The Latest: GOP wants assurance that climate bill is dead
SALEM, Ore. (AP) — The Latest on a walkout by Republican state senators in Oregon over a proposed climate legislation (all times local):
Senate Republicans in Oregon say they need further assurances from Democrats about the fate of a landmark climate bill if they are going to put an end to their walkout that has dragged on into a sixth day.
Senate Minority Leader Herman Baertschiger said in a statement Tuesday that Republicans are still trying to “sort out” how to proceed in the wake of an announcement from Democratic leadership that a cap and trade plan has lost support among Democrats.
Baertschiger says Republicans need further assurances that the legislation is at a “complete end.” The Minority Leader adds that he still needs to have further conversations with Democrats so that “Republicans feel comfortable with the process.”

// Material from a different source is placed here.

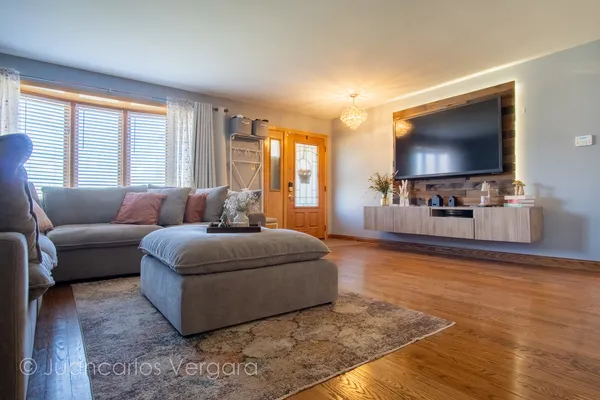 a living room with furniture and a wooden floor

Republicans have fled the Capitol __ and the state __ to avoid a vote on a statewide cap on carbon emissions. Senate President Peter Courtney begged Republicans to return saying there’s still dozens of policy measures to approve before the Legislative session ends on Sunday.
Senate Majority Leader Ginny Burdick confirms that the landmark climate bill that sparked a walkout by Republicans is likely dead for this legislative session.
Burdick told reporters Tuesday that there isn’t enough support within the Democratic party to pass what would be the second statewide cap and trade plan in the nation.
All eleven Republican senators didn’t appear for a sixth day to protest the proposed cap on carbon emissions. Burdick says the announcement doesn’t mean Democrats are “rewarding bad behavior.”
Burdick says that it was her sense that “the votes were never there” even before the Republican walkout.
The Senate would still vote on the measure if Republicans returned. Burdick says it would likely be a procedural vote to send the proposal back to committee.
The Oregon Senate President says there aren’t enough votes within his own majority Democratic caucus to approve a landmark climate bill that sparked a walkout by Republicans, who fled to other states to thwart the measure.
Democratic Senate President Peter Courtney said Tuesday there isn’t enough support within his party to pass what would be the second statewide cap and trade plan in the nation.
All eleven Republican senators didn’t appear for a sixth day to protest the proposed cap on carbon emissions. Courtney pleaded with them to return, saying the Senate still needs to approve budget bills and policies addressing foster care and mental health.
Courtney says he has “done as much as I can” to negotiate with Republicans and he will continue to push for the cap and trade policy.